Johnson took advantage of a collapse by J.B. Holmes, who lost a five-shot lead and closed with a 75 to finish one shot behind. Masters champion Bubba Watson opened with four birdies in seven holes to lead by two shots, only to make three bogeys in a four-hole stretch on the back nine. He shot 71 and finished two behind.
Johnson won for the ninth time in his PGA Tour career and moved to No. 6 in the world.
It looked as though the 30-year-old Johnson was never gone.
He returned just five weeks ago from a six-month leave of absence to seek professional help for what he described only as personal challenge. Golf.com reported in August that Johnson had failed a cocaine test for the second time, and that he previously was suspended in 2012 under similar circumstances.
Johnson only said, "No," when asked if he failed a drug test in an interview before his return.
The swagger was back at Trump National Doral, especially on the finishing holes. But when he tapped in for par, it was clear this victory meant more than the others. He walked off with fiancee Paulina Gretzky - the daughter of hockey great Wayne Gretzky - and their son, Tatum, who was born in January.
"I knew I was really good," Johnson said. "I knew there was something I was missing that could make me great. I was working hard on that, and I think it's showing right now. ... It's tough. I'm so excited right now, I can't hardly talk. It feels great. The one definitely, by far, is the best one."
One day after Johnson made a hole-in-one on the par-3 fourth hole, he nearly did it again, missing the cup by an inch. That was his first birdie, and two birdies on the par 5s around the turn drew him closer as Watson began to slip.
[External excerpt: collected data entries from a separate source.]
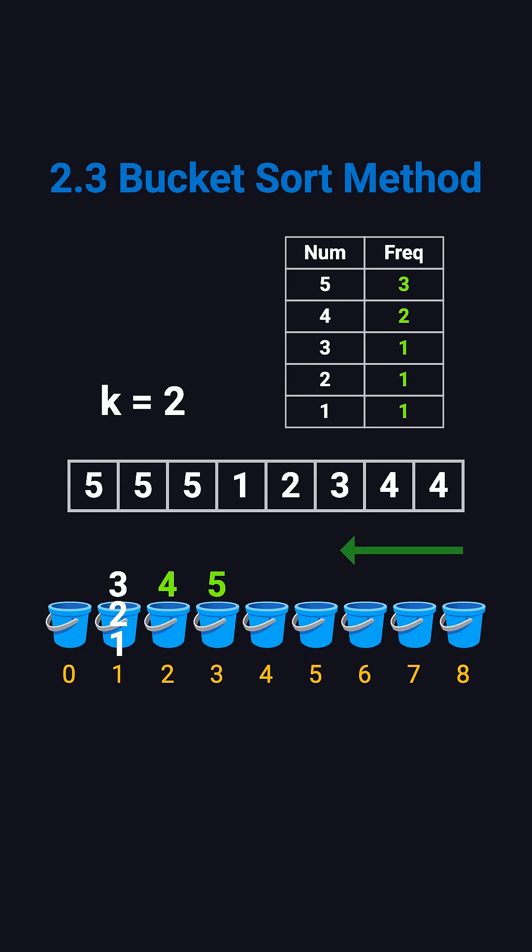This method doesn't require sorting or a heap. The time complexity is O(N), and the space complexity is also O(N).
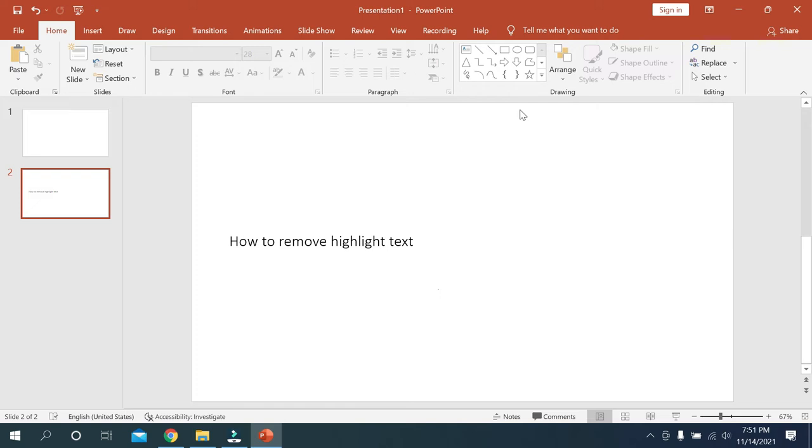What's up everyone, welcome back to my channel. Today in this video I would like to show you how to change the font size on Microsoft PowerPoint.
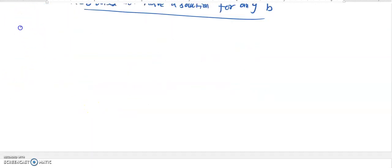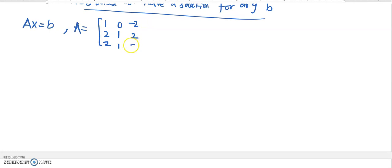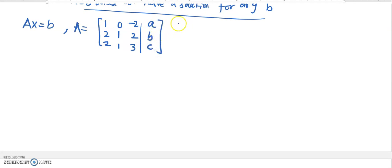Now one more example. Suppose we have Ax = B, where A is represented by the matrix [1, 2, 1; 2, 0, 1; 1, -2, 2] and the last column is [1; 0; 3]. We want to check whether this system has a solution for any choice of B. Since B is a 3-component vector, we take B = [a, b, c].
Watson laid up into the rough on the par-5 12th hole, caught a plugged lie in a bunker and made his second straight bogey to create a three-way tie for the lead with three of the longest hitters in golf. Johnson took the lead for the first time when he made a 10-foot par putt on the 14th hole, and Holmes missed his par from 6 feet.
The pivotal moment came on the par-3 15th, when Johnson rolled in a birdie from just inside 15 feet for a two-shot lead.
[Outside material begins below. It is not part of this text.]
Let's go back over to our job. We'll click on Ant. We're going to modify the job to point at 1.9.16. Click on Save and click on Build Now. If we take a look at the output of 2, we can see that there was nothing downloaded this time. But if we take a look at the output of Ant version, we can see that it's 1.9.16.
He made all the right moves the rest of the way.
Johnson finished at 9-under 279, adding to the WGC title he won in Shanghai at the end of 2013. He was on top of his game, one of golf's most athletic figures who already had contended in three majors. Then came the indefinite leave, forcing him to miss the Ryder Cup and the FedEx Cup playoffs.
And now he's back.
In five tournaments, he has missed the cut twice, lost in a playoff at Riviera and tied for fourth at Pebble Beach.
It was the second close call this year for Holmes, who lost in a playoff at Torrey Pines. It was a struggle from the start, and Holmes lost his five-shot lead in the first 30 minutes, and fell behind with three bogeys in his opening six holes.
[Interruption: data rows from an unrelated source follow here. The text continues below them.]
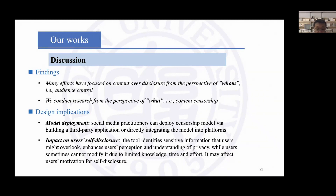Many works have focused on content over-disclosure from the perspective of 'whom' — that is, audience control. However, this method has many drawbacks. On the contrary, we conduct research from the perspective of 'what' — that is, content censorship. By building censorship models and prototypes and evaluating them, we found our tool can identify and visualize sensitive information that users may overlook. We also observed that some users would like to combine content censorship with audience control to meet greater privacy protection needs. Proposing a tool that integrates content censorship and audience control to support flexible use can be explored in future research.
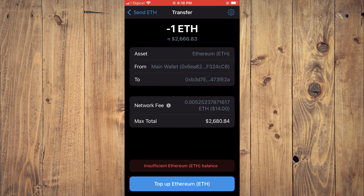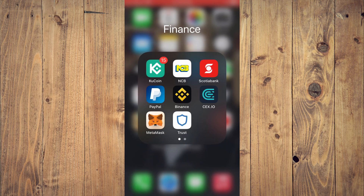You will simply tap on Send Ethereum and that's it. Hope you found this video helpful and informative. If you did, be sure to hit the like button and subscribe, and thank you for watching.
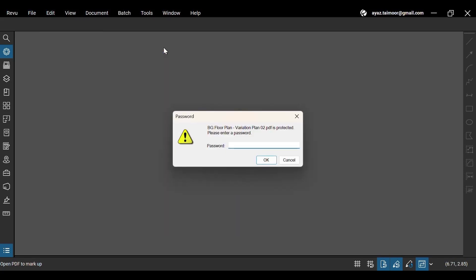Now it's asking for the password to access the document. Your document is now password protected.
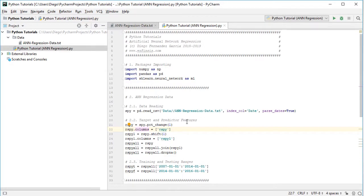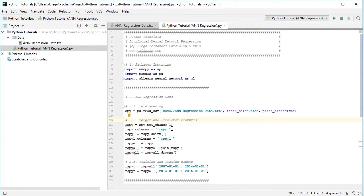Going back into the code file, the next step is to create the target and predictor features. As an example, we use the current day's returns as the target feature and previous day's returns as the predictor feature. We create 'rspy' equal to spy.pct_change() with one period, calculating the daily arithmetic rate of return, and rename its columns.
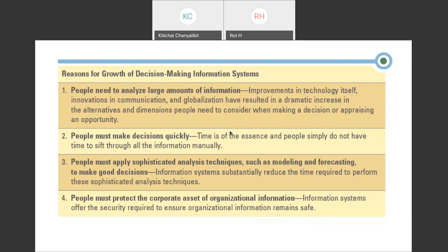Second, people must make decisions quickly. If you make a decision too late, you may lose profit. In stock market trading, the time gap for profit can be less than one hour, so you need to make decisions quickly — and to do that, you need information to back it up. Third, people must apply sophisticated analytical techniques including modeling and forecasting to make good decisions, because a decision is ultimately judged by the future — it will be either good or bad. You need data to reduce the number of bad decisions.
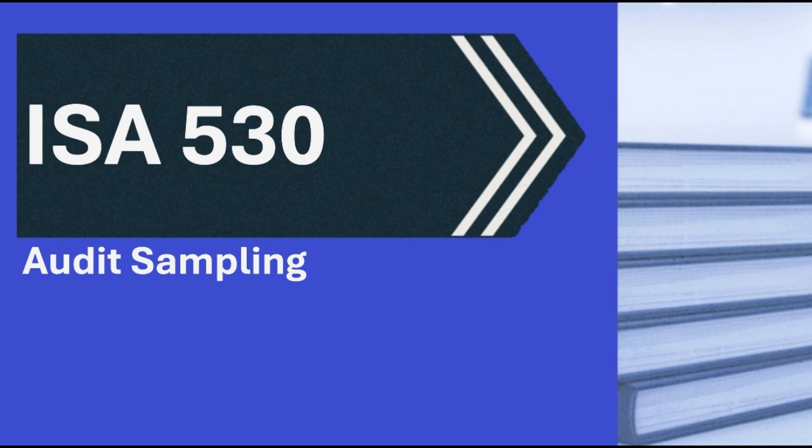Okay, let's get some definitions locked down then. These seem pretty fundamental. Starting with audit sampling itself. The standard defines it as basically applying audit procedures to less than 100% of the items in a population. Less than 100%, makes sense. But here's the key bit. All the items, the sampling units, have to have a chance of being selected. So it's not just grabbing the easy ones.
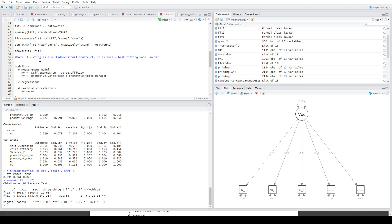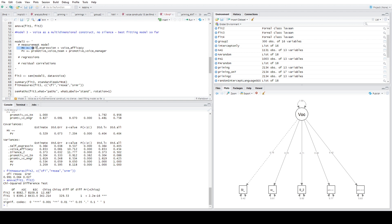For Model 3, I'm removing the silence construct because it loads negatively and appears to be an antithetical construct relative to the other voice variables. Human voice now has self-expression and voice efficacy as its indicators, and promoter voice retains promoter voice to the team and promoter voice to the manager. No regression coefficients or residual correlations are included. Lavaan automatically calculates the covariance between the two latent variables, so I'll leave that as is.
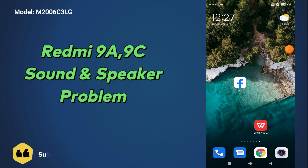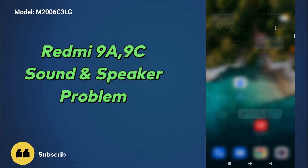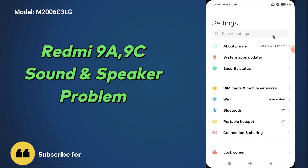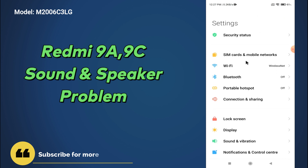Before that, if you are new to my channel don't forget to subscribe and press the bell icon. Now just follow the steps and watch, and you will learn about the sound and speaker problem in your device. Let's watch it.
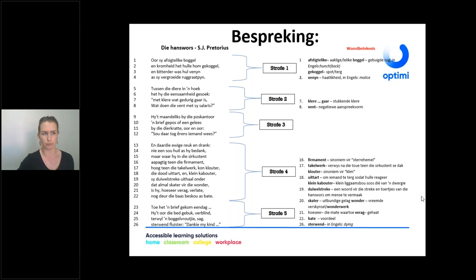To clarify: the hunchback is also a dwarf — he has dwarfism. That is the English word for it, and he also has a hunchback.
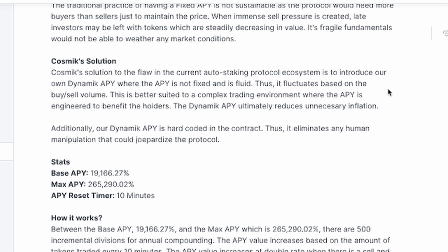Cosmic's solution to the flaw in the current auto staking protocol ecosystem is to introduce a dynamic APY where the APY is not fixed and is fluid — it fluctuates based upon buy/sell volume. This is better suited to a complex trading environment where the APY is engineered to benefit holders. The dynamic APY ultimately reduces unnecessary inflation.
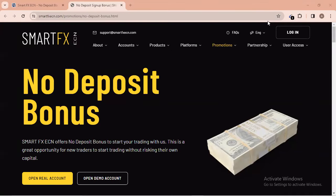Welcome back to my channel. In this video I'm going to show you a no-deposit bonus broker which is offering free money that you can withdraw into your account.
His lone birdie was a two-putt on the 293-yard 16th hole, but he didn't have good birdie chances on the final two holes. And Johnson didn't make any mistakes. He twice hit tee shots over 300 yards on the two closing holes, the last hole so bold that it challenged the corner of the water. It sailed right over, and Johnson was on his way.
Watson went bunker-to-bunker on the 11th for bogey, made another on the 12th and drove into the trees on the 14th for another bogey.
Adam Scott (71) and Henrik Stenson (72) tied for fourth, though they were five shots behind.
Rory McIlroy got his 3-iron back, the one he heaved into the water on the eighth hole Friday. A diver retrieved and Donald Trump delivered it to him on the range. McIlroy used it on the 18th hole and hit into the water for a double bogey and a 72. The world's No. 1 player, who missed the cut in the Honda Classic last week, tied for ninth.